Sat, Jun 27 · 11:00 AM CDT
Description
Standard C++ provides std::async for launching asynchronous tasks, but its use in building complex parallel applications is severely limited by the lack of native support for task dependencies. In practice, many real-world parallel applications, such as those in scientific computing, data processing, gaming, trading, and electronic design automation, rely on tasks that depend on the completion of others. Without an explicit way to express these task dependencies, developers are often forced to manage synchronization manually or rely on custom partitioning, which introduces unnecessary complexity and hampers performance.
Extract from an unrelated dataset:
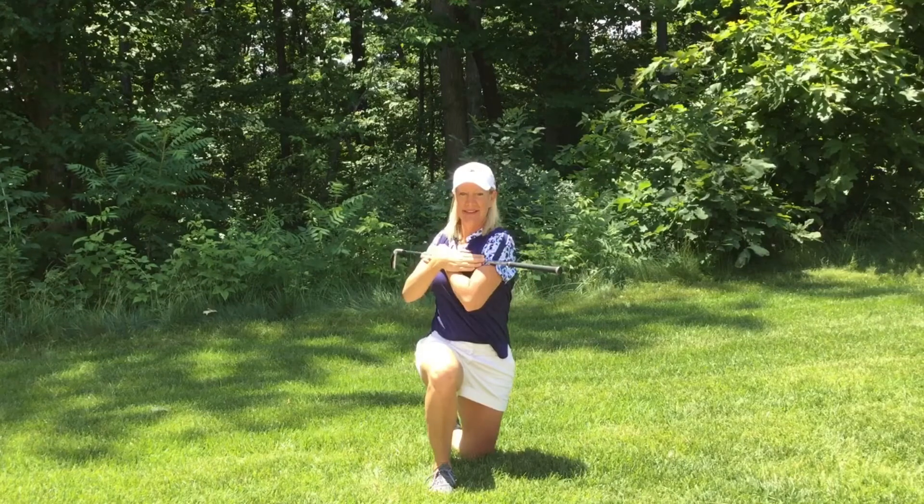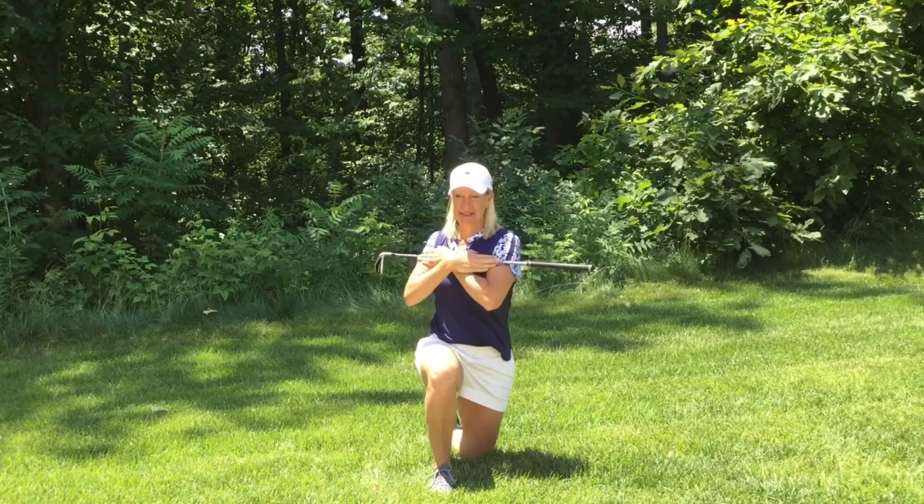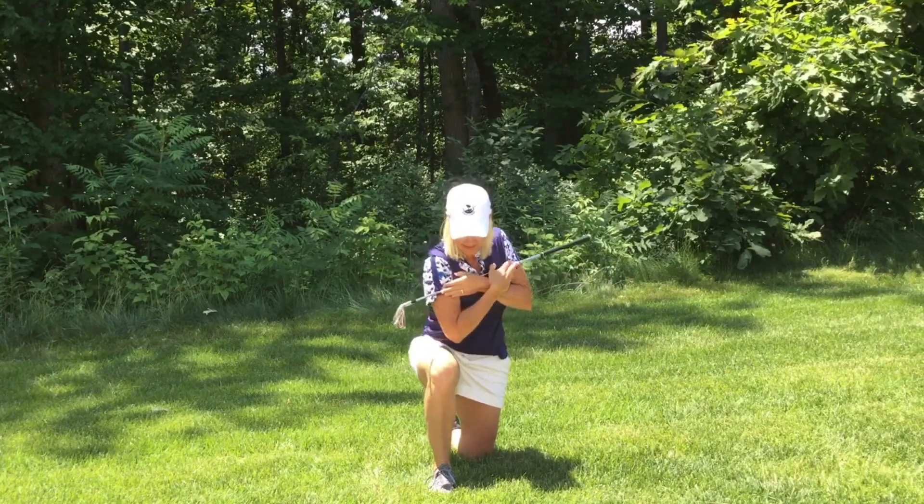You get into a half kneeling position as shown. You want to keep that knee completely straight as you're doing this exercise.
To overcome this challenge, this talk introduces a modern C++ programming model called AsyncTask, designed to support dynamic asynchronous tasking with dependencies. Unlike traditional construct-and-run models, AsyncTask enables developers to create and schedule tasks on-the-fly during execution, while explicitly specifying dependencies to ensure correct synchronization. This flexibility makes AsyncTask well-suited for parallelizing complex algorithms such as branch-and-bound search, adaptive pruning, and recursive decomposition, where the task graph evolves dynamically at runtime. To support the model with high performance, we introduce a work-stealing algorithm optimized for low latency, high throughput, and energy efficiency. The algorithm leverages C++20’s atomic_wait to significantly reduce synchronization overhead and improve scheduling efficiency. We believe that many of the design principles behind AsyncTask can inspire enhancements in future high-performance C++ tasking libraries by rethinking how we express dynamic task parallelism and dependencies through simpler and more flexible interfaces.
About the Presenter
Dr. Huang is an Associate Professor in ECE at the University of Wisconsin-Madison (UW-Madison), with an affiliate appointment in CS. Previously, he was an Assistant Professor at UW-Madison (2023–2025) and University of Utah (2019–2023). He earned his PhD in ECE from UIUC and BS/MS in CS from Taiwan’s NCKU. His research focuses on building software systems for performance-critical applications, including CAD, machine learning, and quantum computing. His tools, such as Taskflow and OpenTimer, are widely used in industry and academia.